Why do I suddenly like Don? I am still unconvinced that Megan is much of a match for him, though I do admit she’s growing on me, and she seems to be able to self-deprecate and be down-to-earth as much as Don is completely incapable of it. So golf clap for that. But what really gets to me is his determination to stay faithful to her, to love her for who she is, and to appreciate what he has. (And who didn’t swoon, at least slightly, when he went all Bear Grylls and fixed that sink?) But when he was waiting for the other three lotharios in that slimy high-rise Bunny Ranch, it felt so strange to see him not even tempted by the myriad women who, beyond wanting to make a dollar, were genuinely interested in him. Though it was hard to watch him silently judge Pete on the way home, given that for the past four years Don’s own crotch had become something of a truck stop motel, there was a great deal of sadness to it. Pete is starting to hate himself again, and especially with Don suddenly the picture of marital satisfaction, it couldn’t have been easy to take.
I love Ken. I have always loved Ken, even when he was a bit of an overgrown Boy’s Club member in the first season. His love for writing is so adorable, as is his loyalty to Peggy and his general good nature towards everyone around him. When Cynthia goes on about him (and his vague story) glowingly, it’s hard not to feel the same smack of pride for the work that must have been, to some degree, thankless. He clearly wins whatever awards there were to win in this episode, especially with the little reading at the end.
I am not sure which made me laugh harder, the revelation that Jaguar Man’s wife discovered gum in his pubes, or that Lane finally lost it with Pete’s smarmy comments and challenged him to an actual fight (which he clearly won). It was only a matter of time, with all that frustrating testosterone bubbling in that office like so much boiling water. There is only so much frustrated politesse that indignant middle-aged manhood can take, you know. (Though did anyone else notice Cooper rubbing Sterling shoulders? Aww!) That fight was just so strange to watch, though, even more so with Lane’s incredibly inappropriate kiss with Joan afterward (that Joan handled like a pro, it should be said). It’s always uncomfortable watching the misguided expulsion of testosterone these men go through occasionally, though this may have taken the cake.
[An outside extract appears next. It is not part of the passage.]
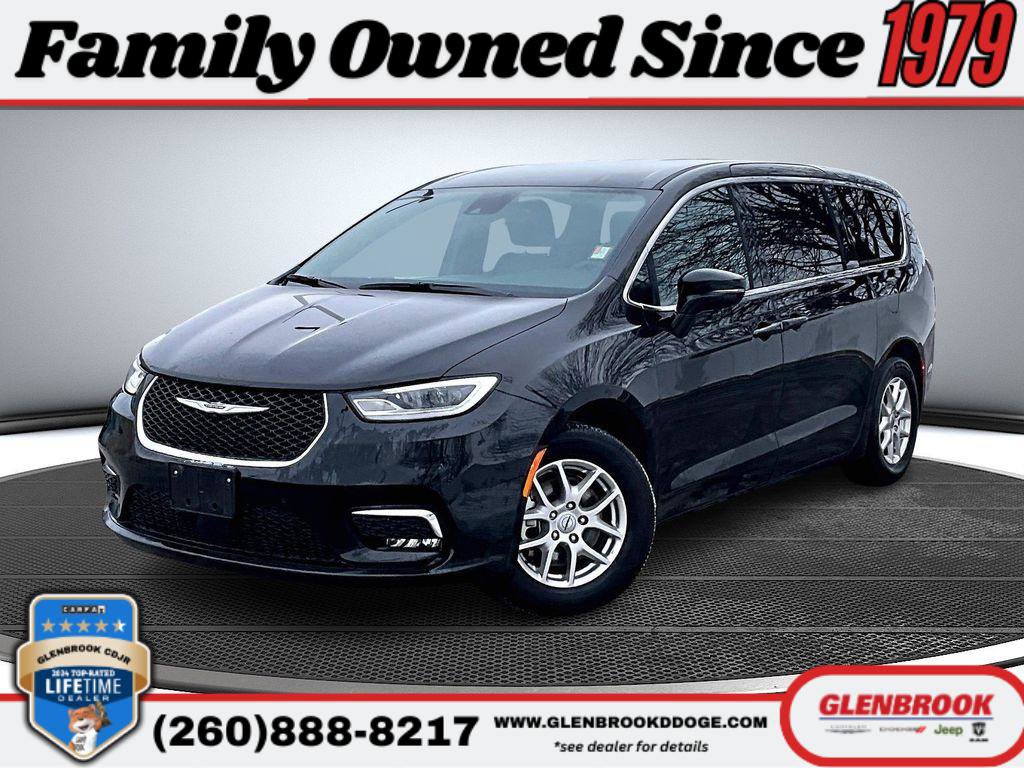 Used 2025 Chrysler Pacifica Select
Some of you may hate Pete, and I understand that, but it’s hard for me to watch him suffer. Even though he has nothing to complain about in theory, clearly he is so unfulfilled by his life out in the suburbs with a wife who is, to some degree, stuck in the past. Though she is wonderful and does everything she can to help him, he clearly (as evidenced by that little audition he made the escort go through) wants something more. And yes, he’s shooting himself in the foot, and he has no one to blame but himself. But watching him in that elevator, it was hard not to feel something for him. And you can tell that Don, with his heart which had recently grown three sizes, felt it, too. I hope Pete gets better, and learns to be happy with himself without having to step on everyone else to get there.